Pietro Labriola: David, you can understand that all these hypotheses are price sensitive also on the value of the stock. So due to fact that we have to guess on something, I think that it's better to not go too much in detail. But what I want to reassure you and to everybody is that whatever we will do will be market friendly. And again, we are analyzing all the possible scenario that will help the corporate structure of our company, but also in the meantime, with the best market friendly approach.
David Wright: Where is S.p.A. 9 months earnings? Is that published? Have I missed that?

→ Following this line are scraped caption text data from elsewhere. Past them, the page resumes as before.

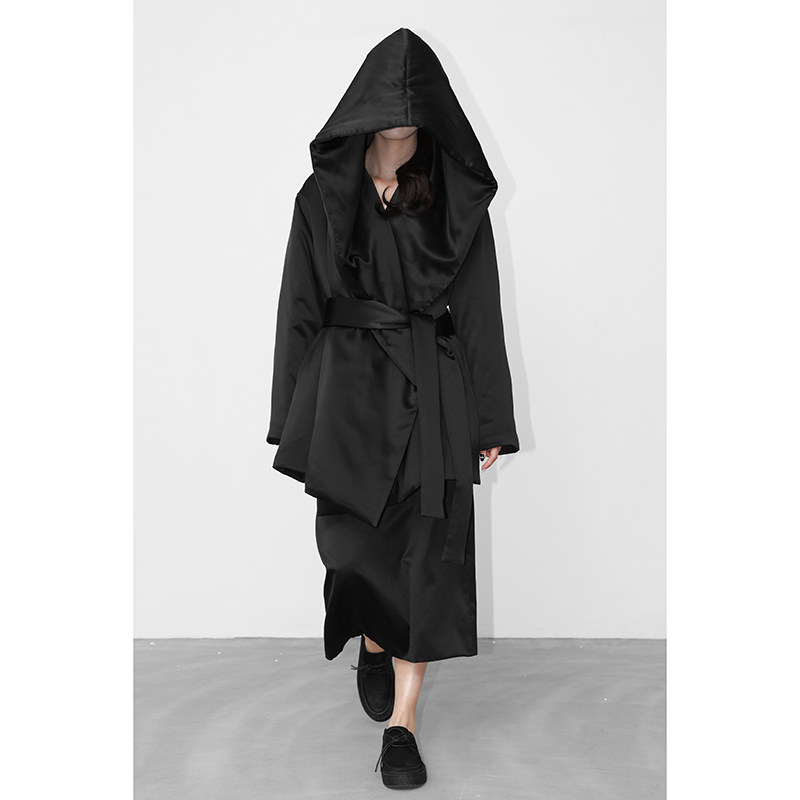 JUZININE升温棉重磅真丝棉服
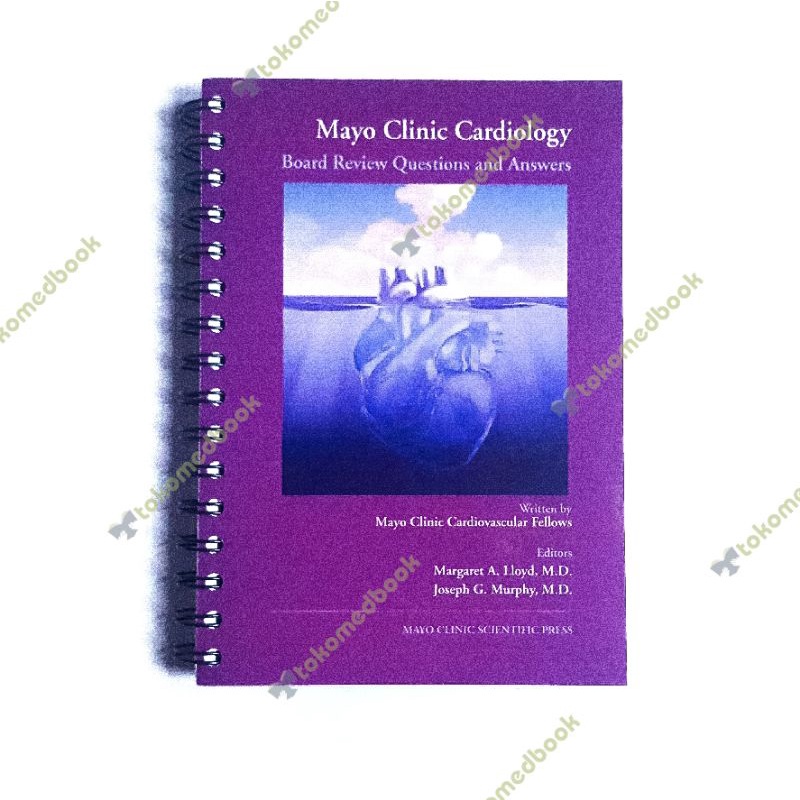 Buku Kedokteran Jantung Mayo Clinic Cardiology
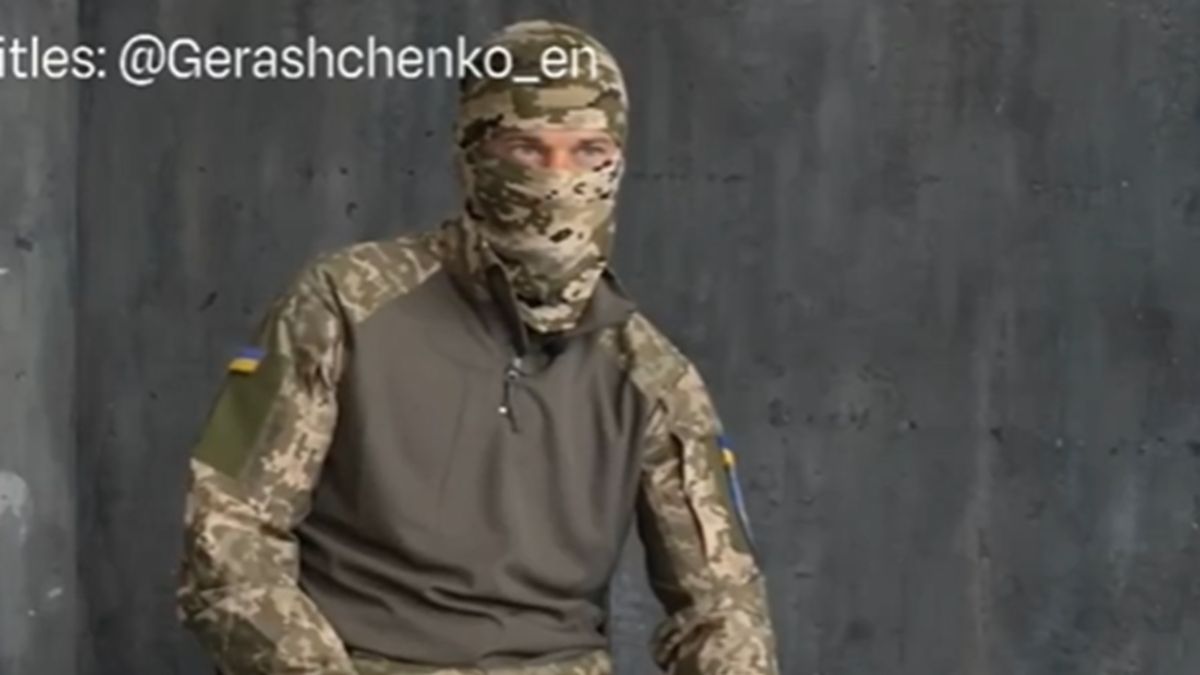 "Timon" uznany za bohatera w Ukrainie.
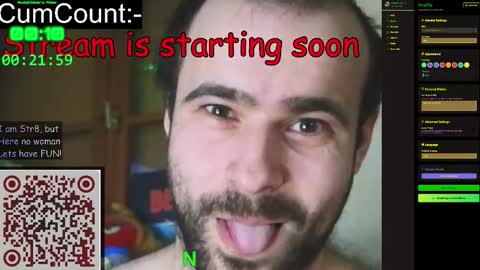 Snapshot of nudechiller chatting on September 2025 10:21:02 PM Vinz... online show from September 2025 10:21:02 PM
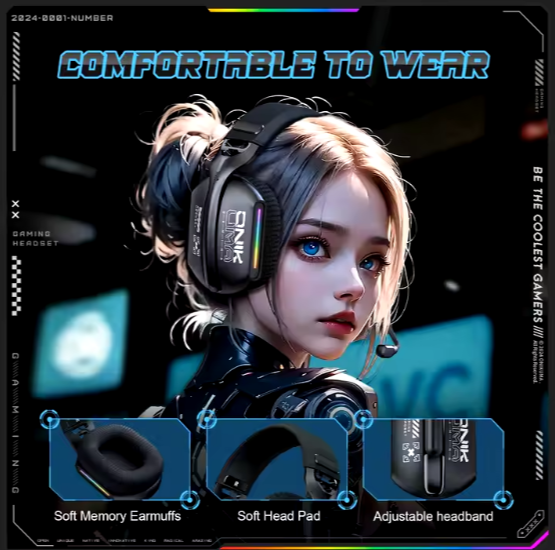 سماعات الرأس لمحبي الصوت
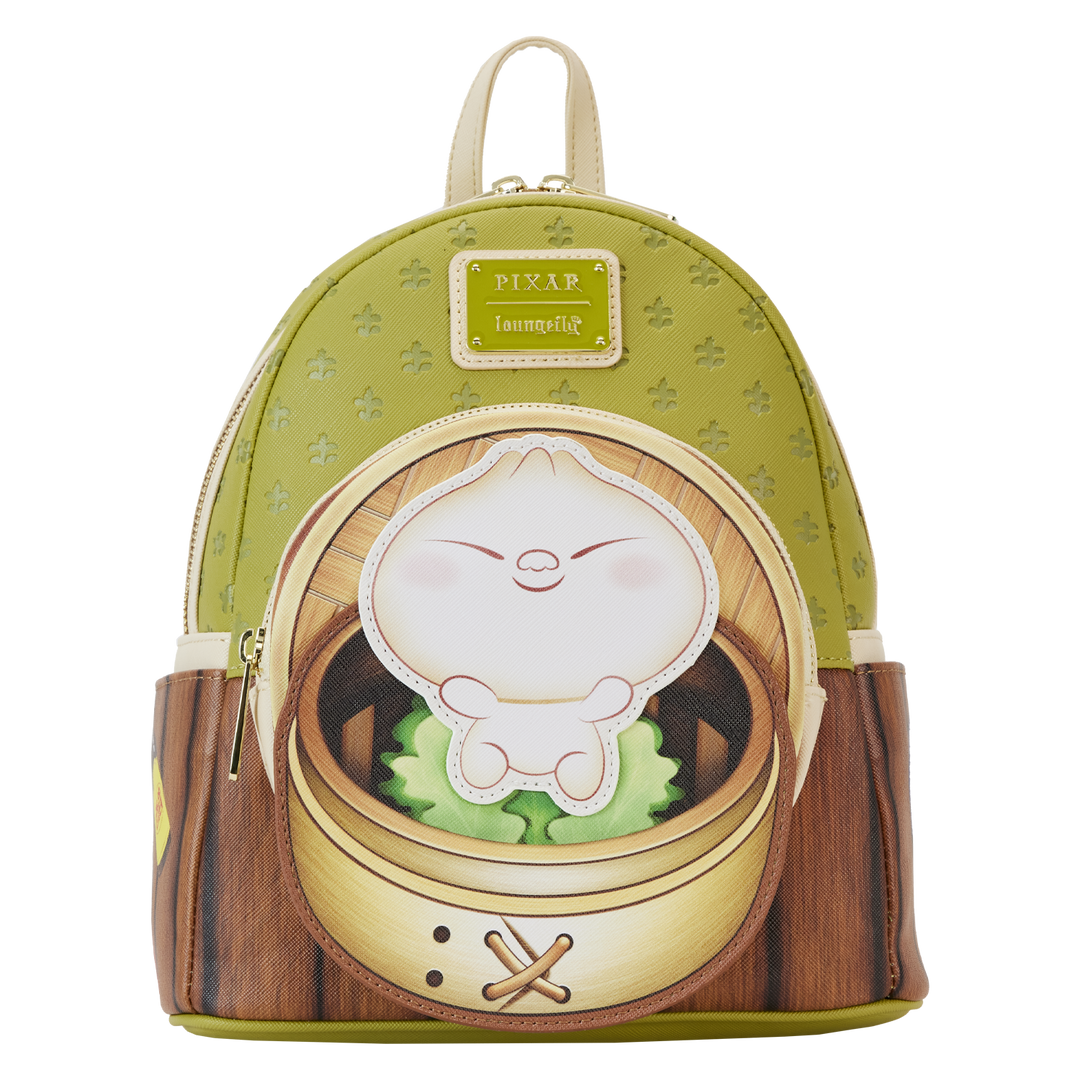 Loungefly Disney Pixar Bao Bamboo Steamer Mini Backpack – vRare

Pietro Labriola: No, I was telling that we tried to answer to you as best as possible based on the sensitive data that we are discussing. Before to close the call and to leave to Paolo Lesbo, I want again to thank you Adrian for all these years since 2015. But -- what is important to remember to everybody that Adrian is in the Board of TIM Brazil, and he will continue to stay in the Board of TIM Brazil also for the next year. It will help us also due to high knowledge that he has about the Brazilian country and the one which we work here from Italy. We will continue to help us to drive the group towards a further increase in our evaluation. Thank you, Adrian.
Paolo Lesbo: Okay. Thank you very much, everybody, for your participation today. We will be back beginning of next year with full year results, which we are very confident will be fully in line with yours and our expectation. Thank you, have a nice rest of the day. Bye-bye.
Operator: Ladies and gentlemen, the conference is over. Thank you.